What is needed is a faithful copy of all the entries, with no pictures in it.
+++ Information given +++
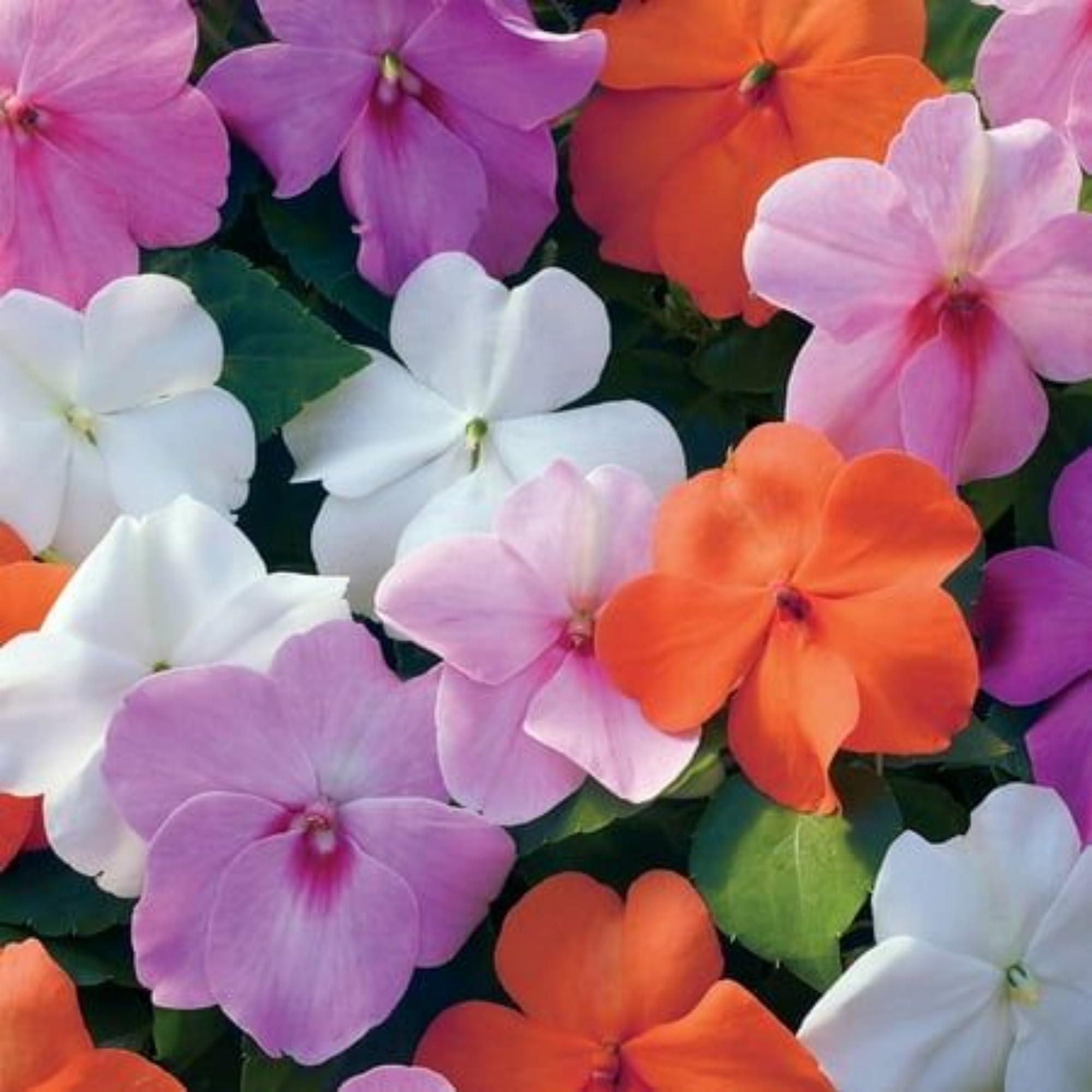 Wivolibe periwinkle blooms brighten sunlit garden borders.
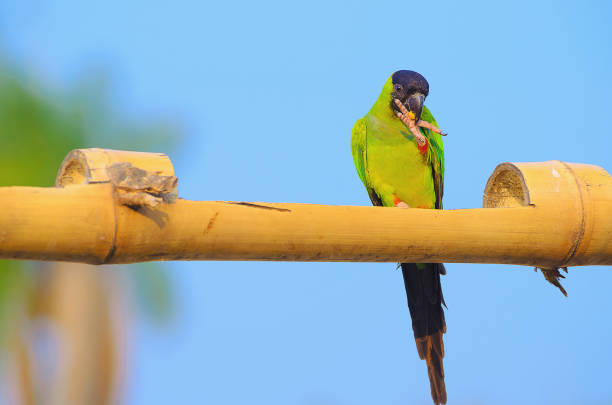 Green parakeet with a black hood on the head and red stripe on legs. Bird known as black-hooded parakeet or Periquito-de-cabeca-preta in Brazil. Parakeet eating a corn grain.
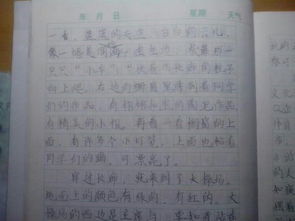 我們的校園作文四百字移步景的手法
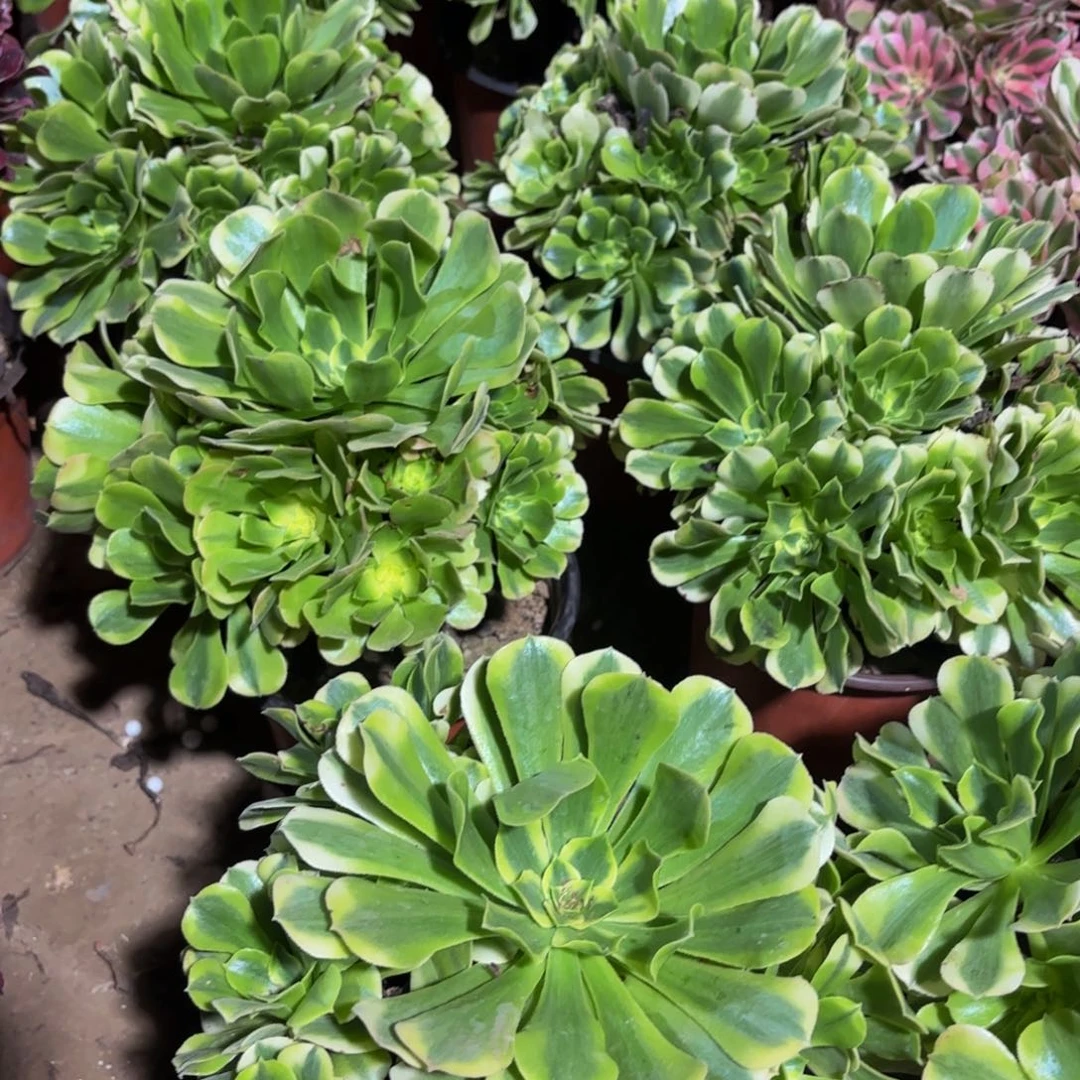 绿豆沙9.9法师多肉木质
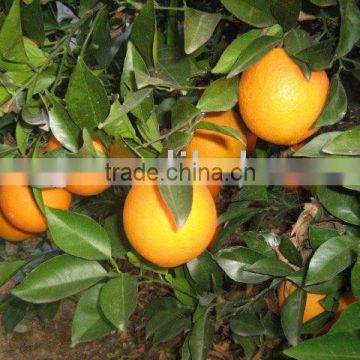 Navel Orange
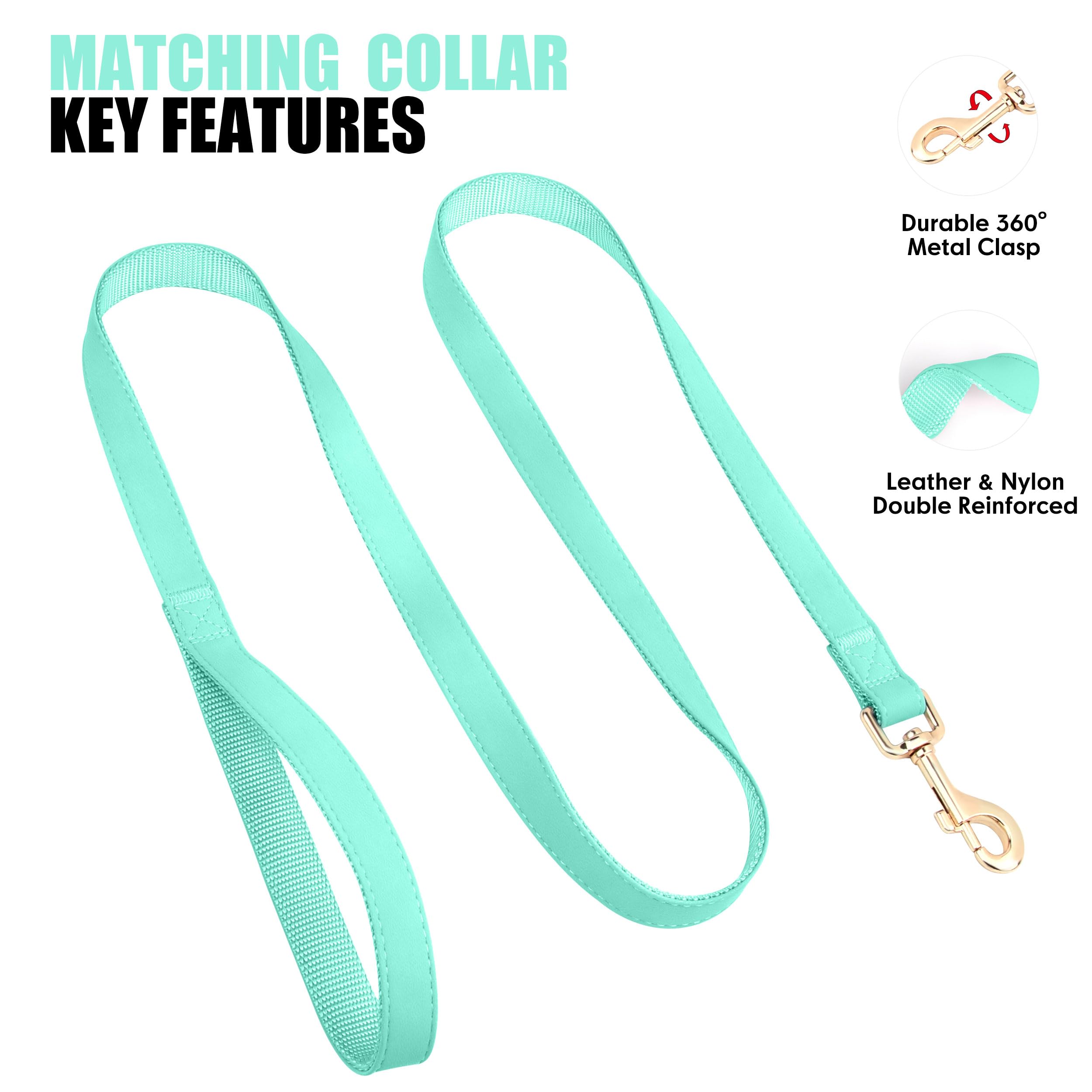 PET ARTIST mint green collar stitching around the D-ring for durability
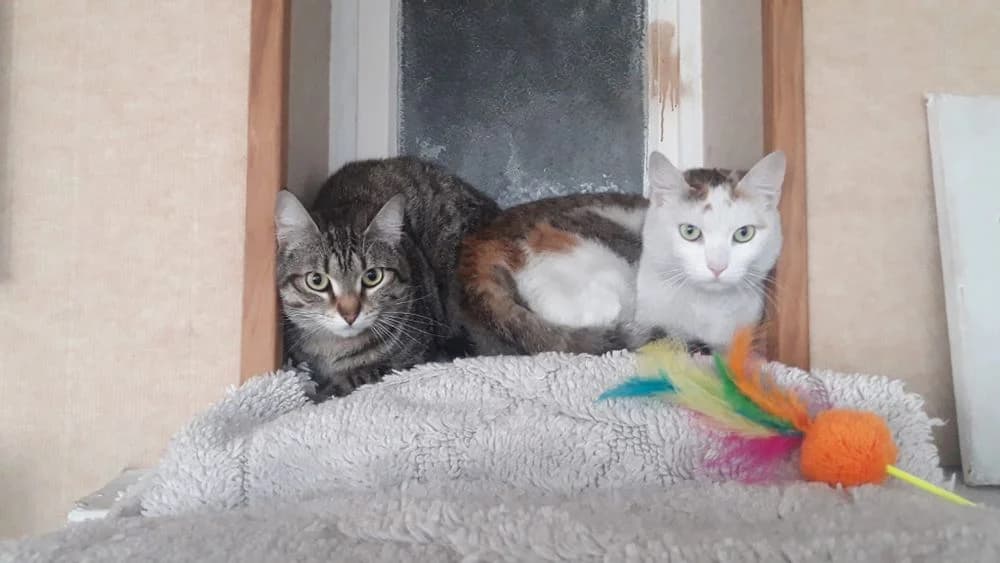 Krema et Lutti, 3yo Mixed Breed for adoption at La Voie Féline, la voie feline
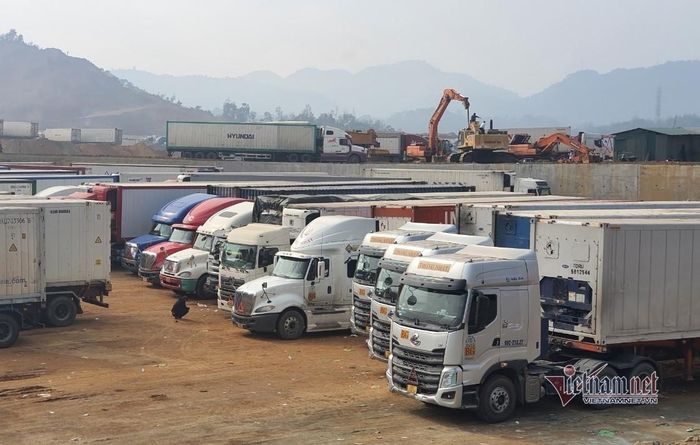 Khoảng 25-30% xe đầu kéo đang phải nằm bãi vì không tuyển được lái xe hạng CE, theo Hiệp hội Vận tải ô tô Việt Nam. Ảnh: KT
+++
Exercise result:
 Wivolibe periwinkle blooms brighten sunlit garden borders.
 Green parakeet with a black hood on the head and red stripe on legs. Bird known as black-hooded parakeet or Periquito-de-cabeca-preta in Brazil. Parakeet eating a corn grain.
 我們的校園作文四百字移步景的手法
 绿豆沙9.9法师多肉木质
 Navel Orange
 PET ARTIST mint green collar stitching around the D-ring for durability
 Krema et Lutti, 3yo Mixed Breed for adoption at La Voie Féline, la voie feline
 Khoảng 25-30% xe đầu kéo đang phải nằm bãi vì không tuyển được lái xe hạng CE, theo Hiệp hội Vận tải ô tô Việt Nam. Ảnh: KT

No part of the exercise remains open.